This question almost boils down to this "faceted search, multiple multivalued fields, sorted by weight rather than count".
The database
I have about 10M events, each with multiple editions, each edition being described by tags. There are 5 tag types (places, speakers, participants, topics, industries).
{
title: "CES",
editions: [
{
date: "2013-02-01",
tags: [ {label: "Eric Schmidt", type: "speaker", "popularity": 50}, {label: "Paris", type: "place", "popularity": 30} ]
},
{
date: "2012-01-23",
tags: [ ... ]
}
]
}
Data logic
- Tags are hierarchical, for example, "Eric Schmidt" is filed under Google who is filed under Tech companies. So, whenever Eric is at an event, all three tags are associated with the event.

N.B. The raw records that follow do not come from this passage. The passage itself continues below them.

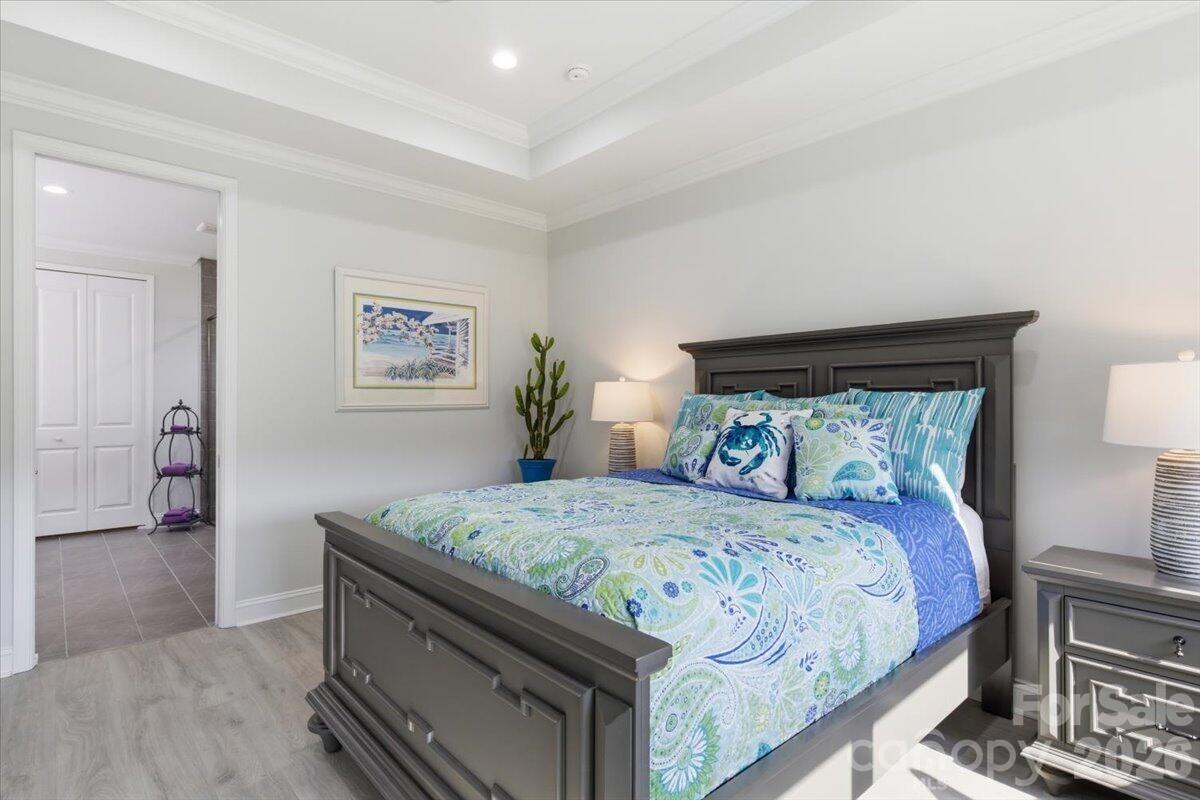 859 Ocean Hammock Loop Hardeeville, SC 29927 - Photo 14 of 33 a bedroom with a bed and a dresser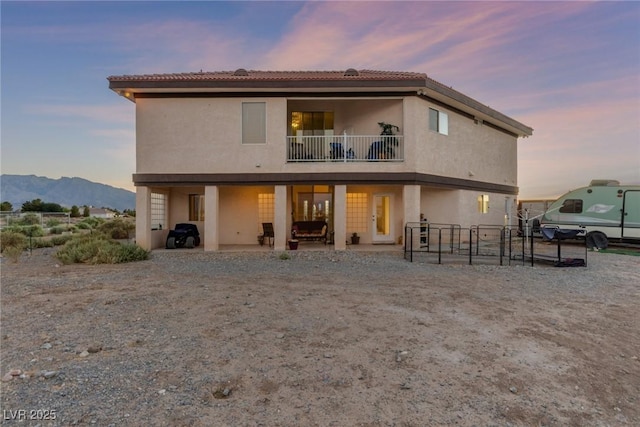 3821 Tumbleweed Ave, Pahrump, NV 89048 - back of property at dusk with a balcony, stucco siding, a patio area, and a mountain view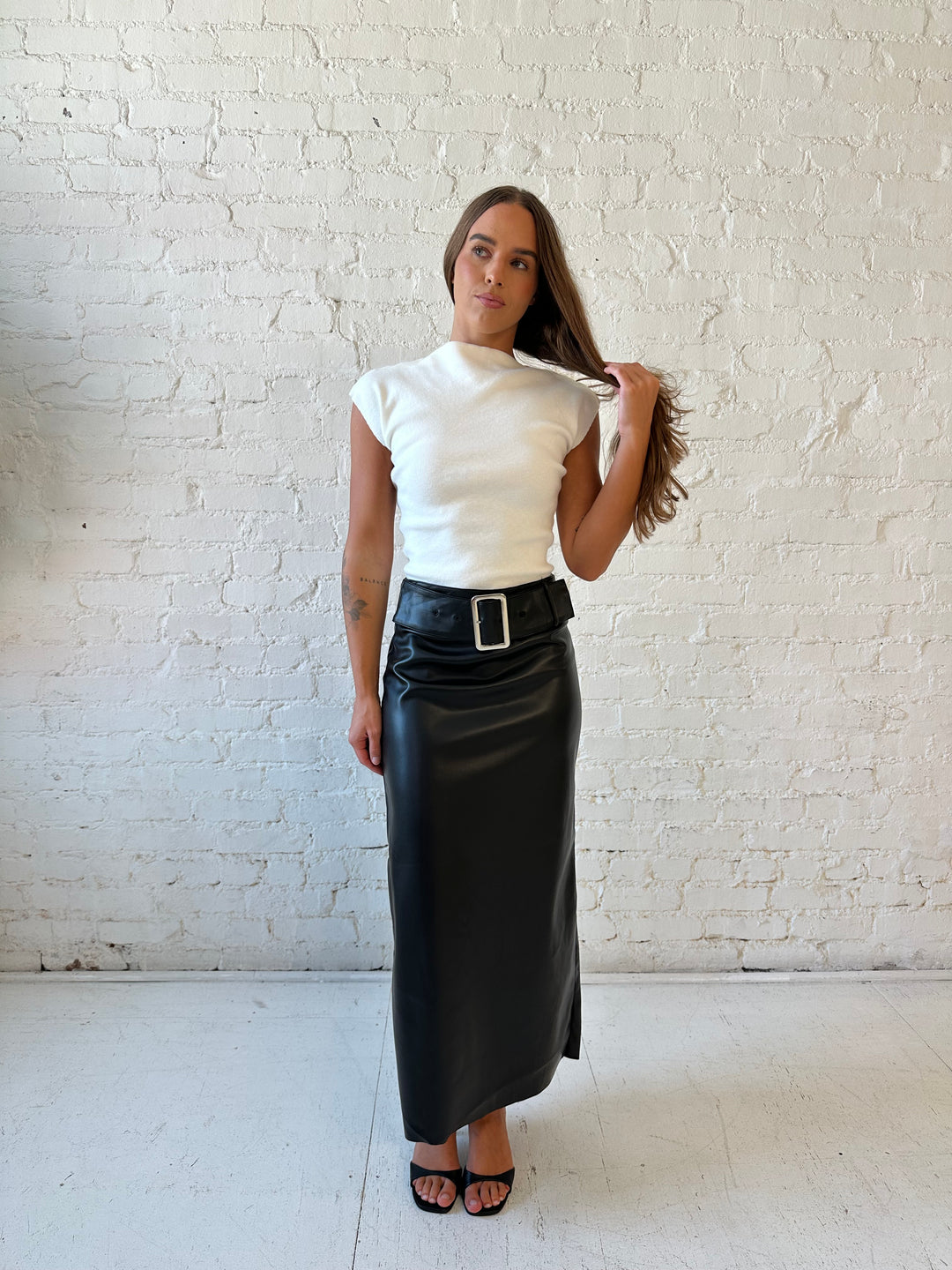 Woman wearing black faux leather midi skirt with belted waist and white cap sleeve top.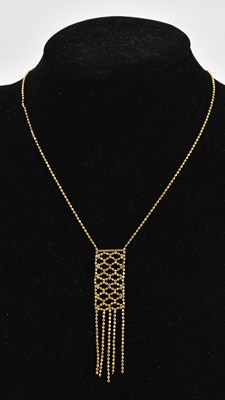Lot 309 - A 9ct yellow gold beaded necklace with...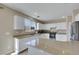 Spacious kitchen boasts granite countertops, stainless steel appliances, and ample white cabinetry at 9335 Tonkawa Ave, Las Vegas, NV 89178
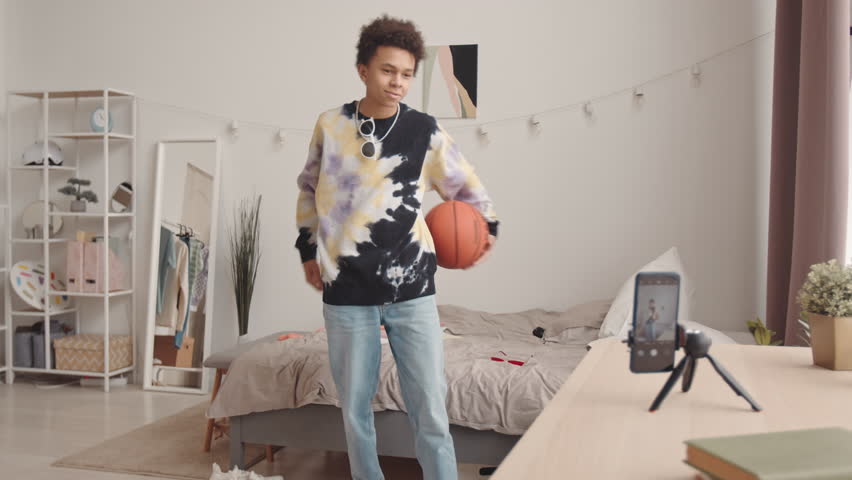 Slowmo of cool Biracial teenage boy making tricks with basketball and dancing while recording video blog on smartphone in his bedroom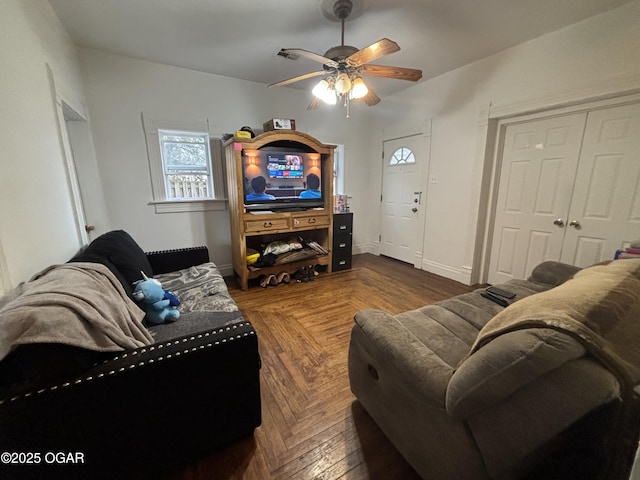 living area featuring baseboards and a ceiling fan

- Different tags can have different popularity, meaning "Eric Schmidt" would have a popularity of 100, but "Eileen Naughton" would have a popularity of "10".
- The popularity does not apply hierarchically. That means that, if "Eric Schmidt" would leave Google for Foursquare, his popularity would still be 100 and Foursquare would still have popularity 50.
- If at a given time, we find out another "participant" attended, for example, we need to be able to add him as a tag
Search requirements
Now, imagine a left-hand menu with 4 sections:
Places
------------
Paris
London
New York
[more]
Speakers
----------
Google
Facebook
Marc Zuckerberg
[more]
and so on.
Whenever the user clicks on a tag, I want the menu to reflect the results and allow him to drill down further (faceted search). The twist is that when deciding to show "Google" vs "Eric Schmidt" vs "Foursquare" in the first three tags in each section, I want to make sure the most popular tag is shown higher, based on the [number of matching events] * [tag popularity]. That means that if there are 3 matching events for "Foursquare" and only one for "Eric Schmidt" it should show Foursquare first, with a score of 3*50 = 150 vs Schmidt's 1 * 100.
Also, ideally, if I select "Google" then, for the "speakers" section, the system should not return speakers outside Google, even if the matching events also have "Zuckerberg" listed, with a huge popularity of 200. So, the returned tags should reside "beneath" the current selection in each section, and their sorting should be based on the above scoring logic.
Current MongoDB solution
Store a separate document for each edition:
{
event: "CES",
date: "2013-02-01",
tags: [ {label: "Eric Schmidt", type: "speaker", "popularity": 50, path: ",Tech Companies,Google,"}, {label: "Paris", type: "place", "popularity": 30, path: ",Europe,France,"} ]
},
{
event: "CES",
date: "2012-01-23",
tags: [ ... ]
}
Use the aggregation framework
*One query for each tag type (5 queries per request) *
db.events.aggregate(
{
'$match': {'tags.label': {'$all': ["selected tag 1", "selected tag2", ...]}}
},
{
'$unwind': '$tags'
},
// group by events, so we can later sum each tag's popularity only once per event, not per event edition
{
'$group': {
'_id': '$event',
'taglistUnqiue': {
'$addToSet': {
'label': '$tags.label',
'type': '$tags.type',
'popularity': '$tags.popularity'
}
}
}
},
{
'$unwind': '$taglist'
},
{
'$match': {
'taglist.type': "speaker",
/* haven't tested this path-matching, but it should work
to only get the tags that are in the bottom tree
of the current selected speaker tag */
'taglist.path': /^,selected speaker tag,/,
}
},
{
'$group': {
'_id': '$taglist.label',
'score': {
'$sum': '$taglist.popularity'
}
}
});
Ok, this should work, algorithmically, but performance wise it will surely not work for 50M event editions, each with thousands of possible tags.
Can anyone think of another approach? Can this approach be optimized in any way other than using "Map/Reduce" which I understand is way too slow to perform on-the-fly for each user?